# 3 cylinder Farm Pro 2420?



## Bugman (Apr 11, 2015)

I am about to purchase a 2005 Farm pro 2420 from a friend of mine so I was researching the tractor while waiting. All information I have found says that the 2420 2WD is 2cyl 20HP. This tractor appears to be a 3 cyl with 3 injector fuel lines. Does that sound unusual to anyone here?


----------



## pogobill (Jan 31, 2012)

By the sounds of it, it should have a 2 cyl diesel in it. the 2430 had the 3 cyl 30 hp engine in it. Maybe it's a 2430 or it's had an engine swap. Ask your friend. Also ask why he is selling it....


----------



## Bugman (Apr 11, 2015)

He bought it in 2006 when he moved onto a 5 acre lot. he thought he would cut the grass with it. After a year or so his son-in-law started cutting it with his lawn mower. He just ended up parking it until I finally ask him if he would sell it to me. It has about 20 hours on it.


----------



## vincent wilson (Aug 30, 2017)

Bugman said:


> I am about to purchase a 2005 Farm pro 2420 from a friend of mine so I was researching the tractor while waiting. All information I have found says that the 2420 2WD is 2cyl 20HP. This tractor appears to be a 3 cyl with 3 injector fuel lines. Does that sound unusual to anyone here?

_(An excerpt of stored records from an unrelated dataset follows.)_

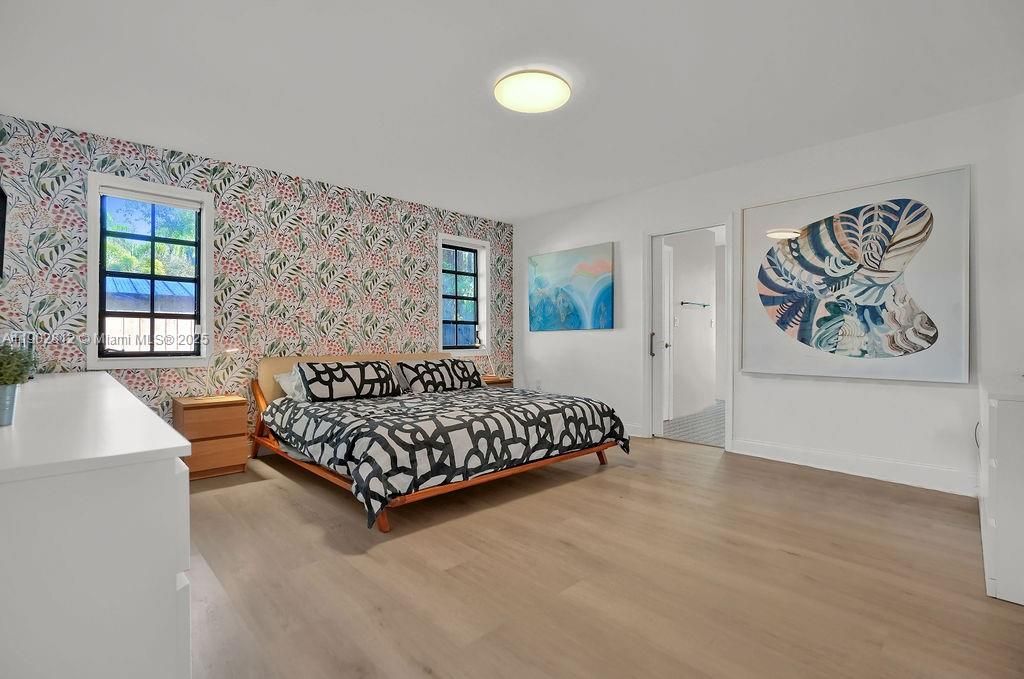 Active With Contract: $1,380,000 (4 beds, 3 baths, 2758 Square Feet)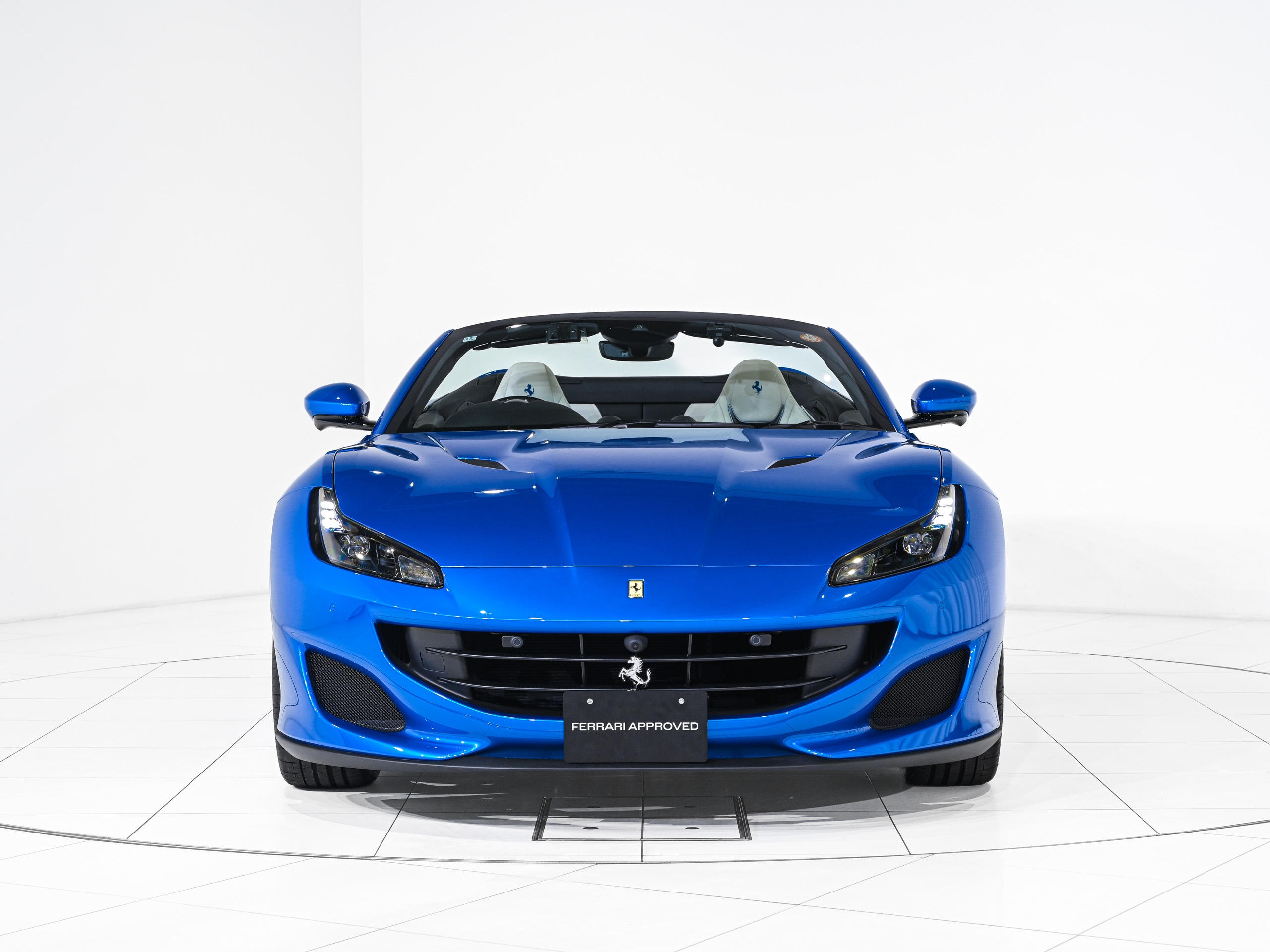 Cornes Osaka Showroom | Chuo-ku, Osaka-shi,のフェラーリ正規ディーラー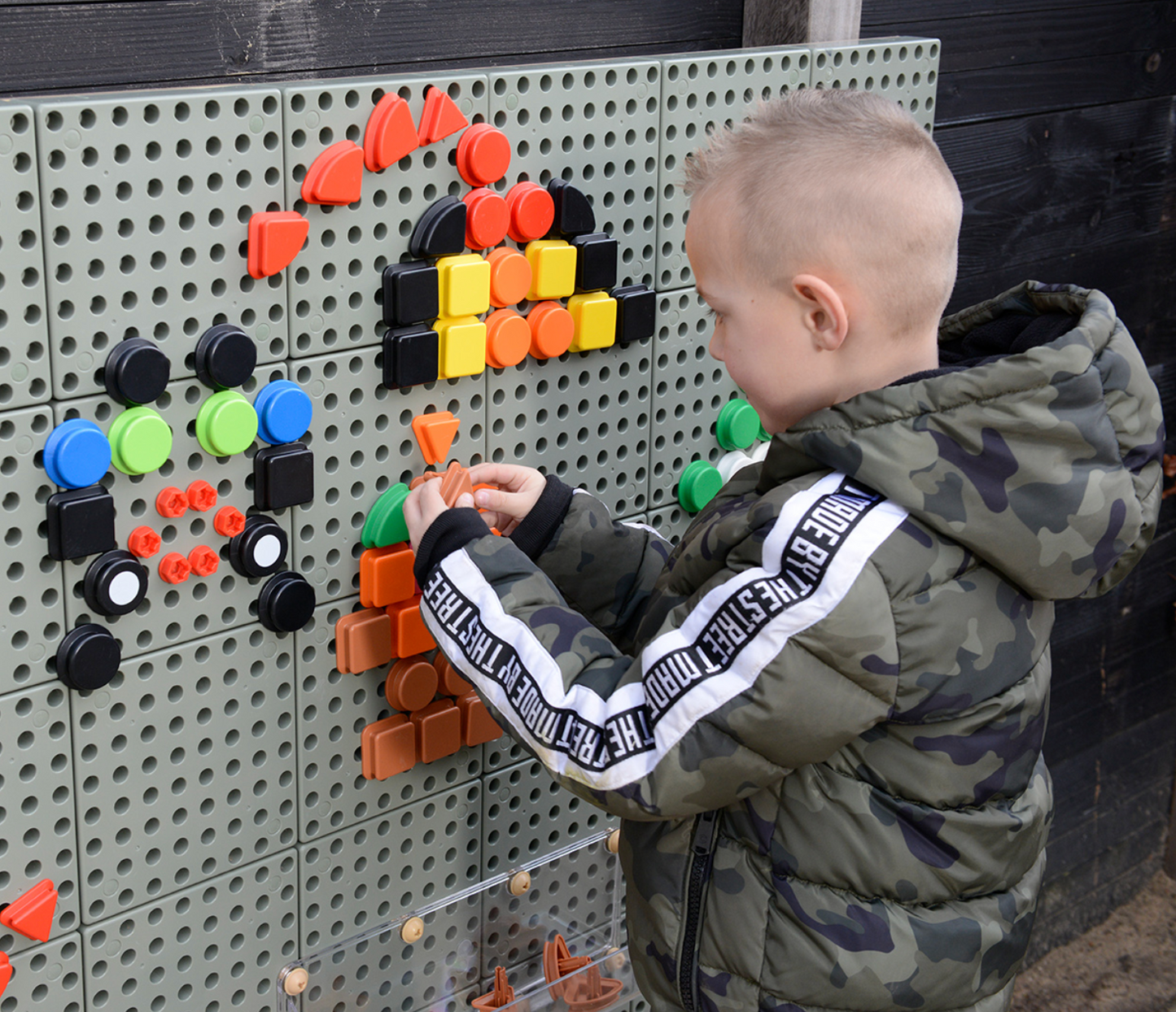 STEM WALL - 32 Piece Geometric Shape Pegs (8 Colours)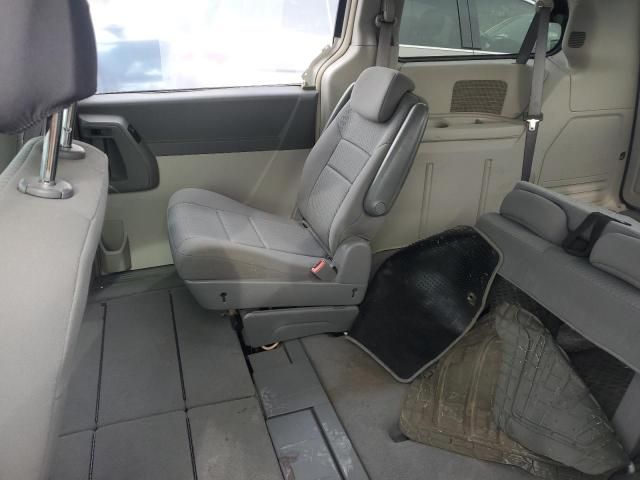 2010 Chrysler Town & Country LX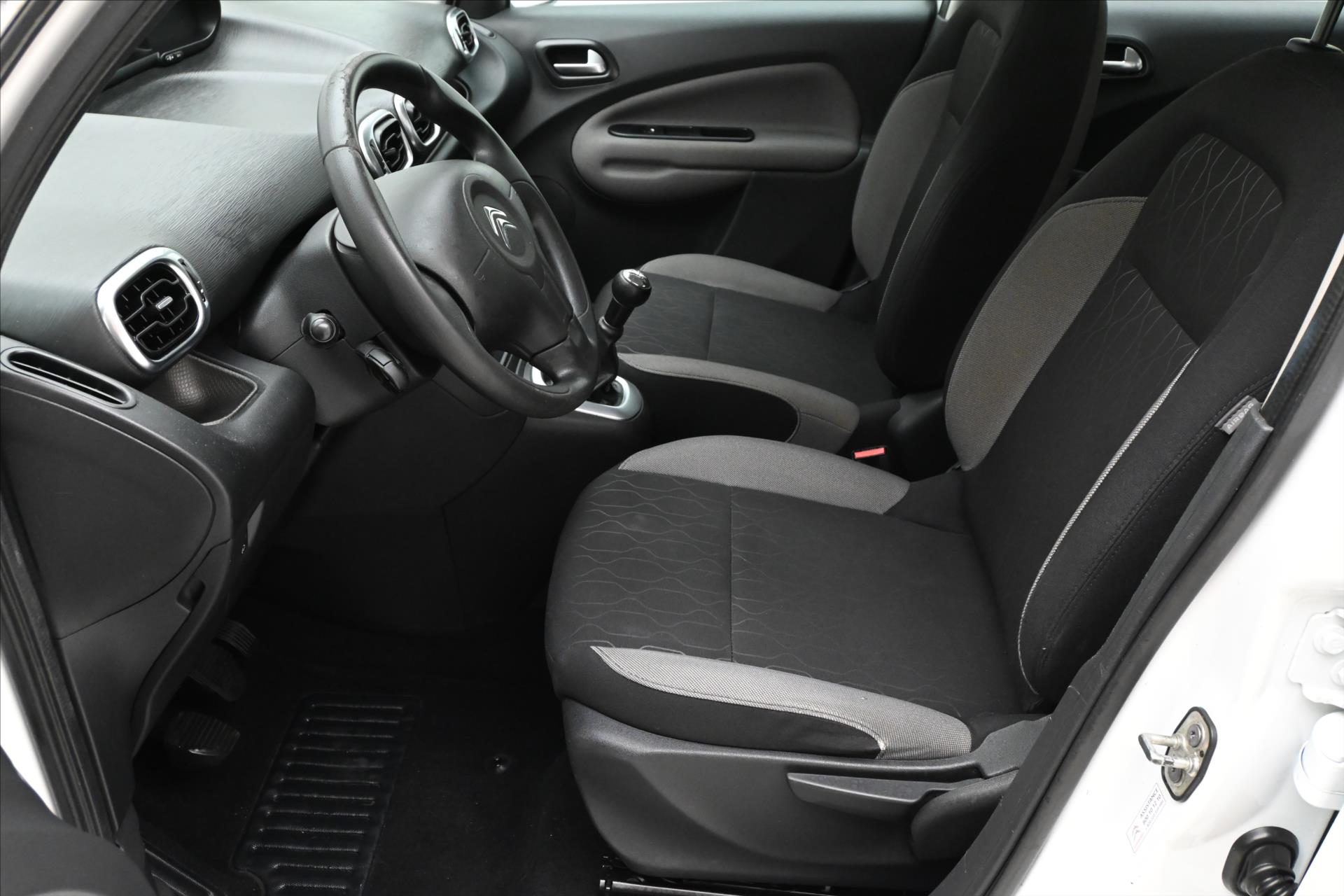 Hlavní fotografie vozu Citroën C3 Picasso 1,6 HDI 73 kW TAŽNÉ Záruka až 5 let (13)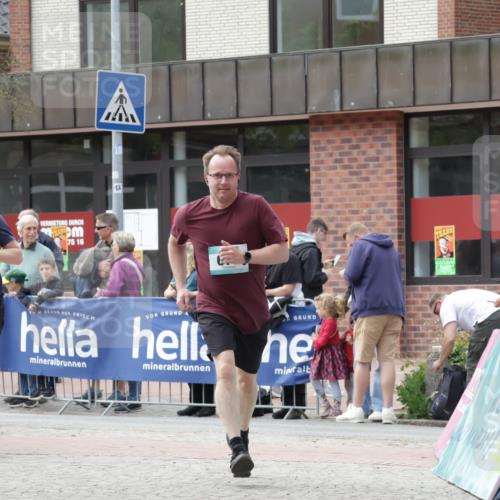 10.05.2026 - 8. Wedeler Halbmarathon Yannick Fuchs http://msf.ph/oto/9713814 10.05.2026 11:29:11 Ziel 412, 677 meine-sportfotos.de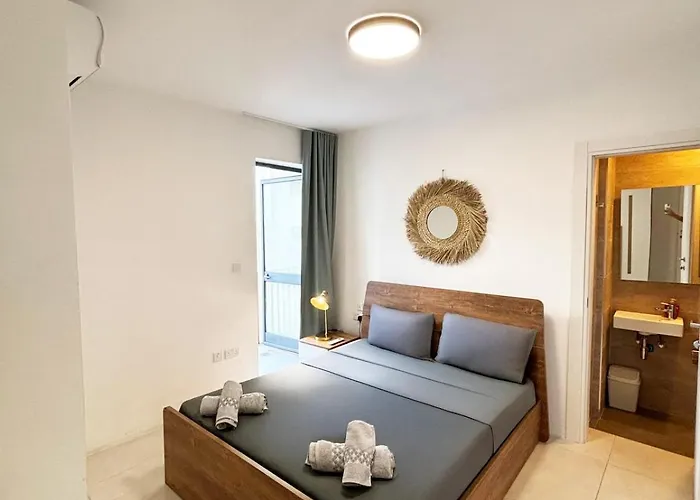 Daire Paceville Glow Three *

I just bought the same year tractor and it's a 3 cum also I got it from the original owner I'm still trying to find information on it.... I the block says y380t..do you have the same numbers I'm changing the oil and filters on it now......


----------



## vincent wilson (Aug 30, 2017)

Sorry supposed to day cum it just put that in there....


----------



## vincent wilson (Aug 30, 2017)

vincent wilson said:


> Sorry supposed to day cum it just put that in there....


Cylinder


----------



## vincent wilson (Aug 30, 2017)

Cylinder


----------